* PROVIDED RECORDS *
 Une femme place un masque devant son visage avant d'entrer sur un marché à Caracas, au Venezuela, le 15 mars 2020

...

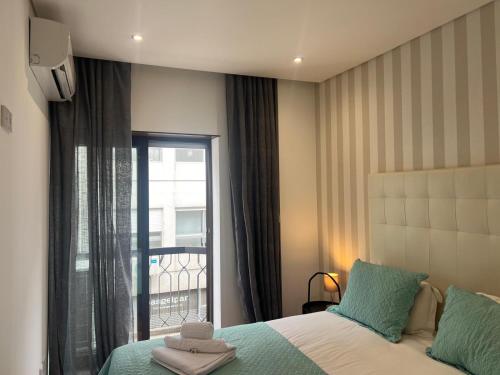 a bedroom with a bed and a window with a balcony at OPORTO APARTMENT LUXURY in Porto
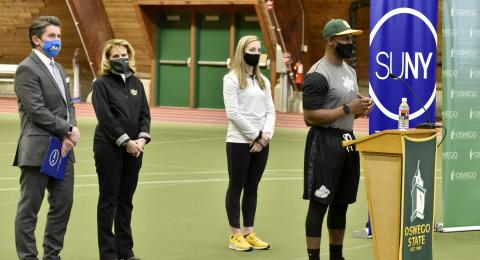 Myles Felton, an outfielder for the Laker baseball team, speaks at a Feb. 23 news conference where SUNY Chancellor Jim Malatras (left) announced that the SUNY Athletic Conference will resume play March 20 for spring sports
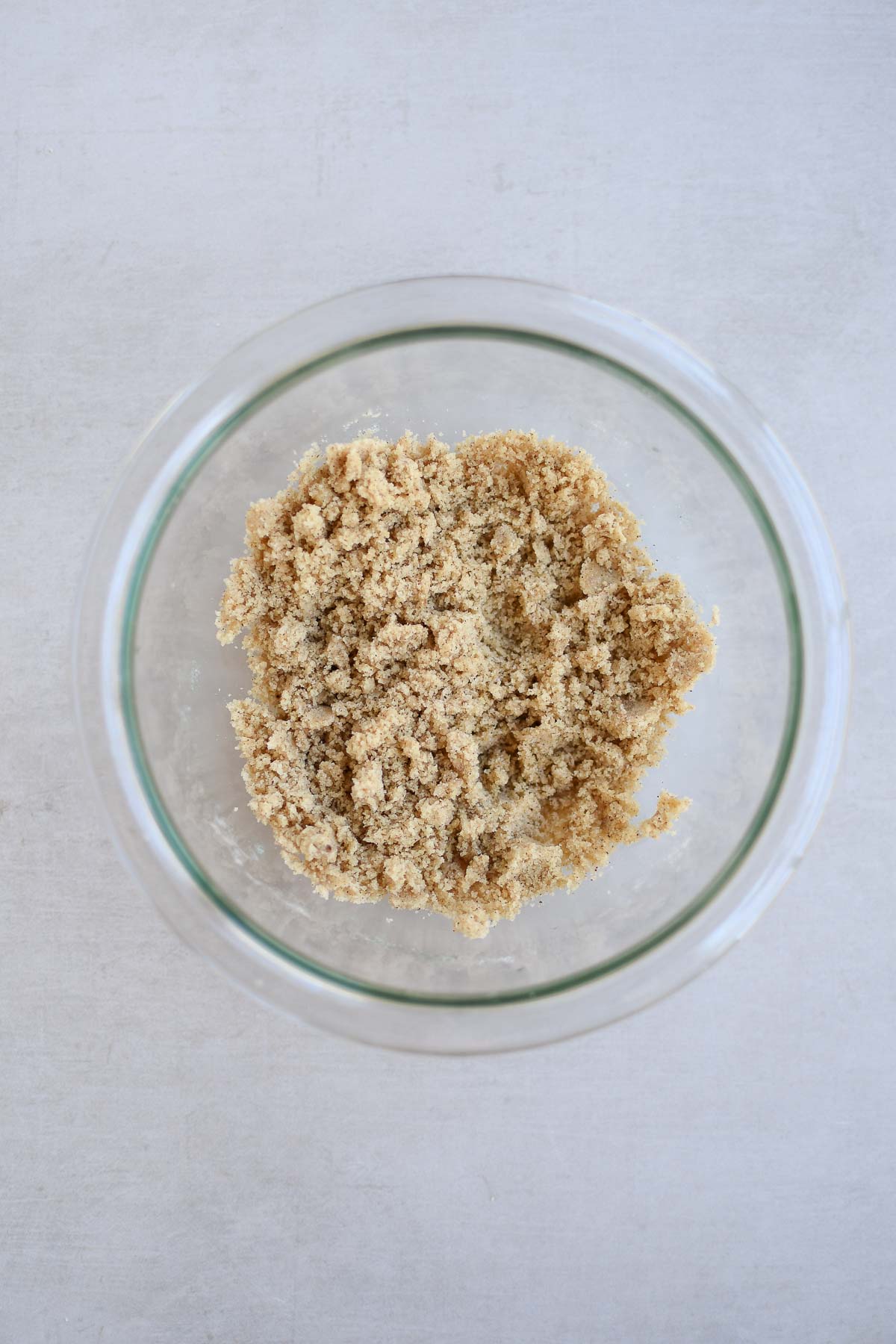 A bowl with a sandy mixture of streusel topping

--

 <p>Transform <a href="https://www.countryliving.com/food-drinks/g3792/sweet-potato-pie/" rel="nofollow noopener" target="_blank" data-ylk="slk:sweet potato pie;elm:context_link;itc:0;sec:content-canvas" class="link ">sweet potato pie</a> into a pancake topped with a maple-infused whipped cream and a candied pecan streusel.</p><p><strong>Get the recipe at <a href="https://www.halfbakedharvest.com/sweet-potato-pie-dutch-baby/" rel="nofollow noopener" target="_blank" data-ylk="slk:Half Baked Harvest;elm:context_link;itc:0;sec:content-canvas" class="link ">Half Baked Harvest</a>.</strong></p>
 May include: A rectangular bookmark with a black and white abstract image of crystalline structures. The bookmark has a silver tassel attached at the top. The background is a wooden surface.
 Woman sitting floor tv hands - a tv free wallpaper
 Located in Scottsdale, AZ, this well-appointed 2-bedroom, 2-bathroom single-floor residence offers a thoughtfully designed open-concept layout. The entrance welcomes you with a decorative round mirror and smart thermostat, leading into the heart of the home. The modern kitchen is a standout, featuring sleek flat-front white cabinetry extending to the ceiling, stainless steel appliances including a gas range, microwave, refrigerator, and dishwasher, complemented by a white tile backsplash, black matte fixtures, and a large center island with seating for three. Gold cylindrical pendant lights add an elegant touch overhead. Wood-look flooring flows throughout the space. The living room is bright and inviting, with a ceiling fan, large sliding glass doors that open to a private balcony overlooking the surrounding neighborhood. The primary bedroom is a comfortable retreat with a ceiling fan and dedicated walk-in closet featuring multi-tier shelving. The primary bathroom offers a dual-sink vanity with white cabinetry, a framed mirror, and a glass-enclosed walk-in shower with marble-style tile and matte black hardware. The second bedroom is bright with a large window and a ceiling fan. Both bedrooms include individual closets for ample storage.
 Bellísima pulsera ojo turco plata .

* EXERCISE BRIEF *
In the listing above, start at the line with "Woman sitting floor", go on through the line with "Bellísima pulsera ojo turco plata .", and copy each of those lines exactly; leave out all the rest.

* TASK ANSWER *
 Woman sitting floor tv hands - a tv free wallpaper
 Located in Scottsdale, AZ, this well-appointed 2-bedroom, 2-bathroom single-floor residence offers a thoughtfully designed open-concept layout. The entrance welcomes you with a decorative round mirror and smart thermostat, leading into the heart of the home. The modern kitchen is a standout, featuring sleek flat-front white cabinetry extending to the ceiling, stainless steel appliances including a gas range, microwave, refrigerator, and dishwasher, complemented by a white tile backsplash, black matte fixtures, and a large center island with seating for three. Gold cylindrical pendant lights add an elegant touch overhead. Wood-look flooring flows throughout the space. The living room is bright and inviting, with a ceiling fan, large sliding glass doors that open to a private balcony overlooking the surrounding neighborhood. The primary bedroom is a comfortable retreat with a ceiling fan and dedicated walk-in closet featuring multi-tier shelving. The primary bathroom offers a dual-sink vanity with white cabinetry, a framed mirror, and a glass-enclosed walk-in shower with marble-style tile and matte black hardware. The second bedroom is bright with a large window and a ceiling fan. Both bedrooms include individual closets for ample storage.
 Bellísima pulsera ojo turco plata .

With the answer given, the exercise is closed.